As you can see, turning off this directive doesn't save you from attacks made against vulnerabilities that can take place in file functions. In addition, it would destroy the functionality of some systems. Therefore, turning it off can be justified in only one case: You need to protect code that is likely to be vulnerable, but you don't have time or money to correct this code and eliminate vulnerabilities from it.

In any case, you should be aware that a skilful hacker can circumvent this protection.

At the same time, if your code meets all safety requirements, it doesn't matter whether the directive is turned on or off. In other words, the following note is true.


If the system security is thought out at the PHP script level, it is pointless to turn off this directive.

By default, this directive is turned on in PHP.

Displaying and Reporting Errors

The display_errors Boolean configuration directive tells the PHP interpreter whether it should display errors when executing code.

Many authors of books and articles recommend disabling this directive to increase the security level. Indeed, displaying errors isn't good programming style.

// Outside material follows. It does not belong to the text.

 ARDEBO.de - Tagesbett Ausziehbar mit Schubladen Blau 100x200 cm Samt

What's more, an error message indicates a situation that wasn't foreseen by the programmer. In other words, this is an undocumented response.

As I demonstrated earlier, undocumented responses of a system are used by attackers to gain control over it.

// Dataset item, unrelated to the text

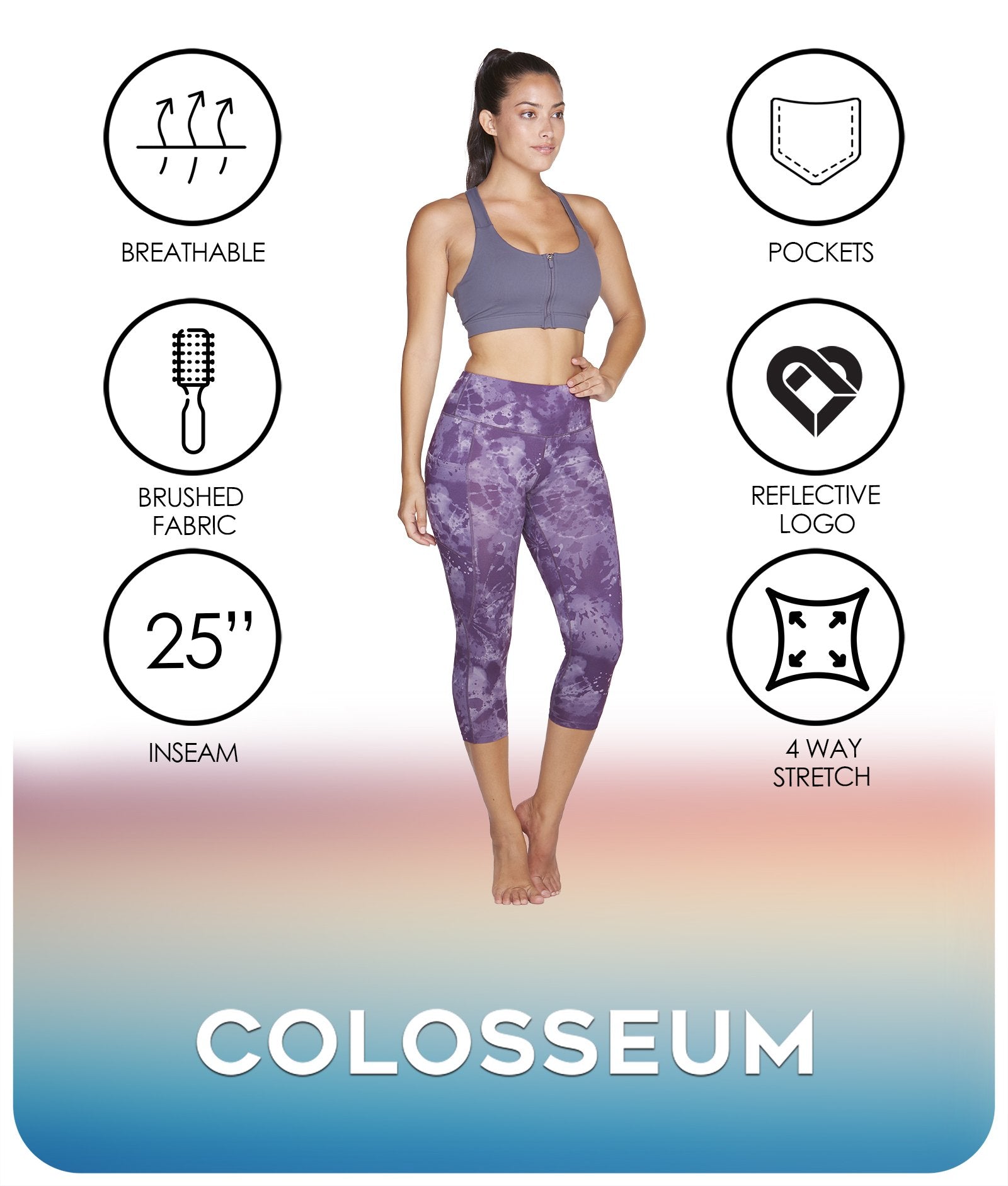 Women's Ice Dye Nadia Capri Leggings Features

However, even when the directive for displaying errors is turned off, nothing will happen to undocumented responses. You just don't see an indication.

Therefore, turning off this directive will just relieve you of an indication of a vulnerability, not of the vulnerability itself. In Chapters 2 and 3 , I draw your attention to how an attacker can find and exploit vulnerabilities in a system when the error display is turned off.

In addition, turning off error messages can hamper tasks such as debugging the system, putting it into operation, adding new modules to it, and updating it. Again, a persistent attacker can exploit a vulnerability even when displaying errors is turned off.

A well-designed invulnerable system shouldn't enter undocumented states. Therefore, an outsider won't be able to change external conditions so that execution of a PHP script is terminated with an error.

So, turn off displaying error messages after you put your system into operation and make all necessary settings. Be aware that turning them off doesn't affect the system security; it would just be confusing, which is seldom effective.

Turn on the directive for displaying error messages during development and testing of the system and when adding new modules. This will help you debug undocumented responses of the system.

The error_reporting directive sets an error reporting level. For more details, refer to PHP documentation.

Magic Quotes

The magic_quotes_gpc directive is a Boolean configuration directive. When it is turned on, all quotation marks and apostrophes in HTTP GET, POST , and COOKIE parameters are screened with backslashes. That is, when the magic_quotes_runtime is turned on, quotation marks and apostrophes are screened in data returned by functions that retrieve information from external sources.

Thus, turning on these directives allows you to avoid processing received data when you're going to use them in SQL queries or other constructions that require screening of quotation marks, apostrophes, or both.

Some people say that turning on these directives eliminates the SQL injection vulnerability. However, in Chapter 3 devoted to this vulnerability, I demonstrated that an attacker sometimes can exploit this vulnerability without using quotation marks in parameters.

In many cases that display data in the browser, output data to a file, or use data in other functions that already take a backslash, turning on these directives will litter the output with backslashes. To avoid this, delete excessive backslashes before data output. You can use the stripslashes() function to do this.

When programming a system, you should keep in mind that quotation marks and apostrophes are screened automatically, and should delete the screening manually when necessary.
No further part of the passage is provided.